Decoding joint action success through eye movements: A data-driven approach
Talk, 47th European Conference on Visual Perception, Mainz, Germany
Humans have coordinated with one another, animals, and machines for centuries, yet the mechanisms that enable seamless collaboration without extensive training remain poorly understood. Previous research on human-human and human-agent coordination—often relying on simplified paradigms—has identified variables such as action prediction, social traits, and action initiation as key contributors to successful coordination. However, how these factors interact and influence coordination success in ecologically valid settings remains unclear. In this study, we reverse-engineered the coordination process in a naturalistic, turn-taking table tennis task while controlling for individual skill levels.

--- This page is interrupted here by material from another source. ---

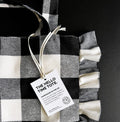Black and white check tote bag with ruffled edges and Hello Time label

We found that well-calibrated internal models—reflected in individuals’ ability to predict their own actions—strongly predict coordination success, even without prior extensive training. Using multimodal tracking of eye and body movements combined with machine learning, we demonstrate that dyads with similarly accurate self-prediction abilities coordinated more effectively than those with lower or less similar predictive skills. These well-calibrated individuals were also better at anticipating the timing of their partners’ actions and relied less on visual feedback to initiate their own, enabling more proactive rather than reactive responses. These findings support motor control theories, suggesting that internal models used for individual actions can extend to social interactions. This study introduces a data-driven framework for understanding joint action, with practical implications for designing collaborative robots and training systems that promote proactive control. More broadly, our approach—combining ecologically valid tasks with computational modeling—offers a blueprint for investigating complex social interactions in domains such as sports, robotics, and rehabilitation.